When do parallel streams help, and when do they hurt?

Divide-and-conquer parallelism: the work-stealing ForkJoinPool, RecursiveTask vs RecursiveAction, the common pool trap, and when parallel streams actually help.

Cracked Java

Parallel streams help when you have a large amount of CPU-bound work over a cheaply splittable source, and they hurt when any of those conditions is missing — small data, expensive-to-split sources, I/O-bound or blocking bodies, or order-sensitive operations. The honest answer is: measure, because the overhead of splitting, scheduling on the common pool, and merging is real and easily exceeds the savings.

When they help

Big N. There must be enough elements that the per-element work, summed up, dwarfs the fixed cost of forking tasks and combining partial results.
CPU-bound, independent per-element work. Math, parsing, transformation — work that genuinely saturates a core.
Splittable source with a good Spliterator. Arrays, ArrayList, IntStream.range, and HashMap split in O(1) into balanced halves. These give the work-stealing pool even chunks.

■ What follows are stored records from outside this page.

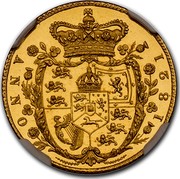 UK 1/2 Sovereign George IV 1821 Proof KM# 681 ANNO 1821 coin reverse UK 1/2 Sovereign George IV 1821 Proof KM# 681 ANNO 1821 coin reverse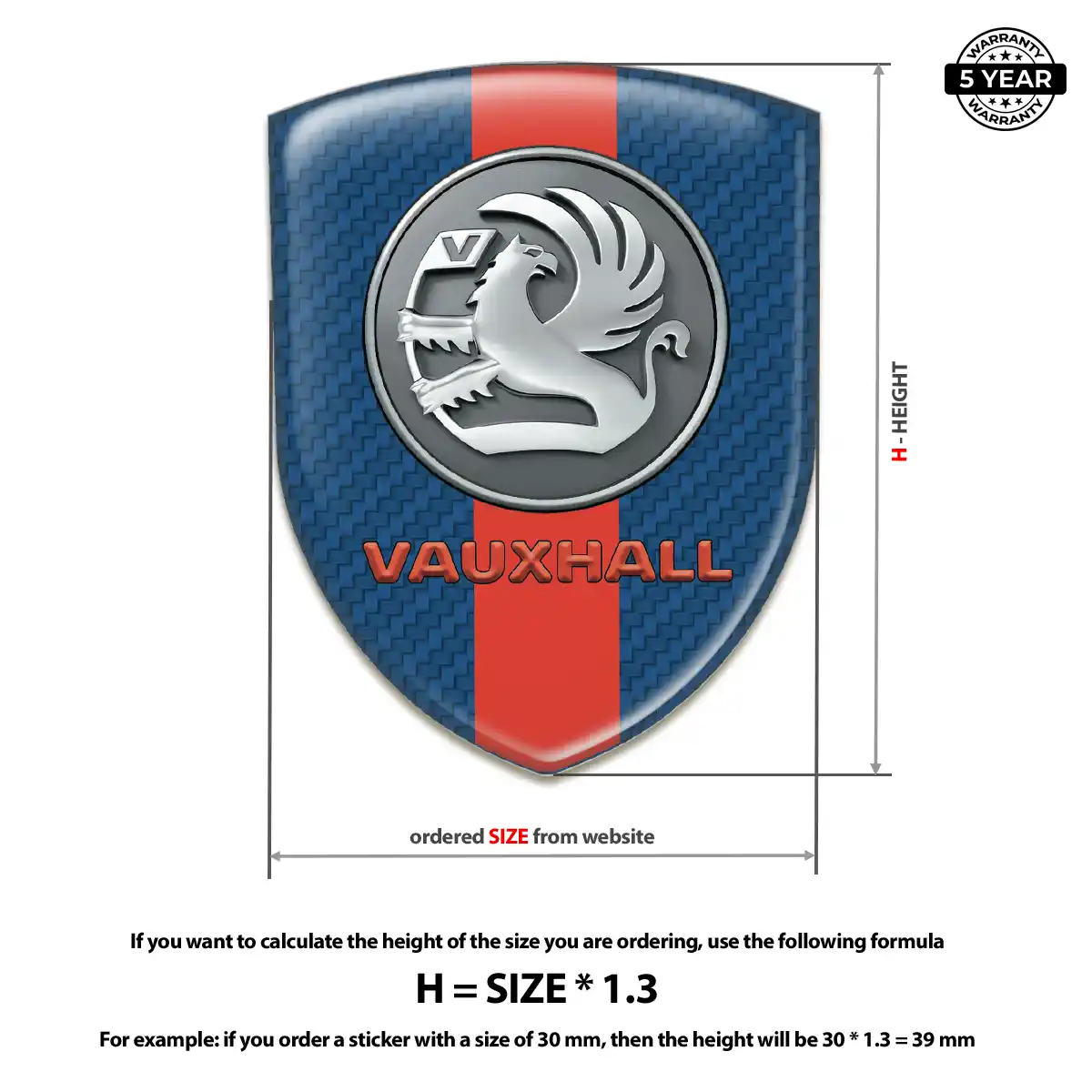 Vauxhall 3D Domed Sticker Outer Style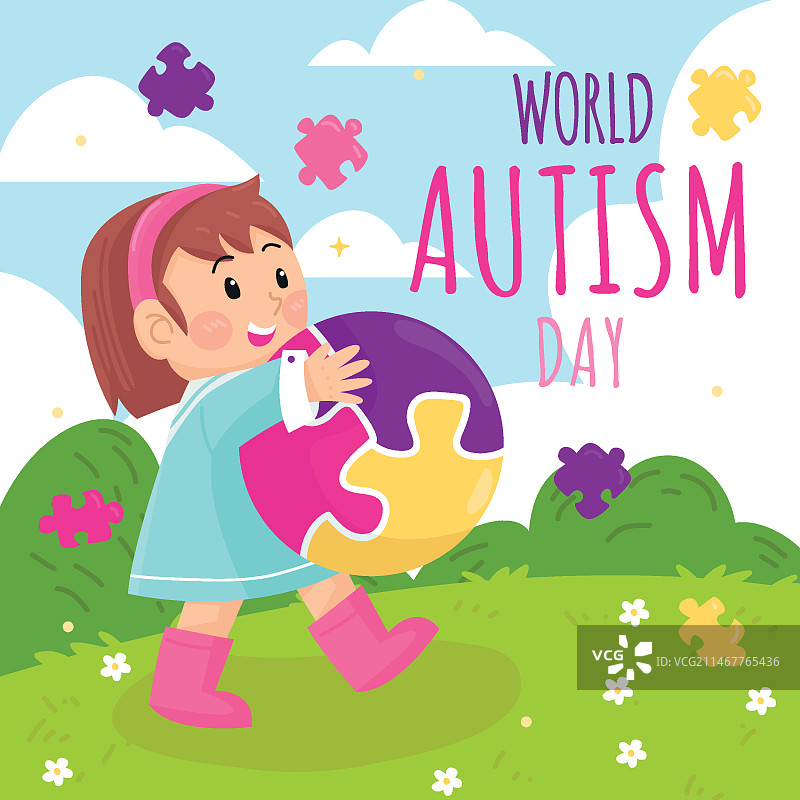 世界自闭症日卡通插画图片素材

// Good fit: large array, pure CPU work, trivially splittable
double[] data = ...; // millions of elements
double sum = Arrays.stream(data)
    .parallel()
    .map(Math::sqrt)   // CPU-bound, stateless, no I/O
    .sum();

When they hurt

Small datasets. For a few hundred elements the setup cost loses to a plain loop every time.
Poorly-splittable sources. LinkedList, Stream.iterate, BufferedReader.lines(), anything Iterator-backed — splitting is sequential and lopsided, so one worker does most of the work.
I/O-bound or blocking bodies. Network/DB calls block common-pool workers (see the common-pool trap); you get no CPU parallelism and risk starving the whole JVM.
Ordered / stateful pipelines. forEachOrdered, limit, findFirst, sorted, and distinct force coordination or buffering that erodes or erases the gain. Use forEach over forEachOrdered and findAny over findFirst when order is irrelevant.

Also remember: all parallel streams in the process share the single common pool, so two parallel streams running at once compete for the same cores − 1 workers. If parallel throughput matters, run on a dedicated ForkJoinPool.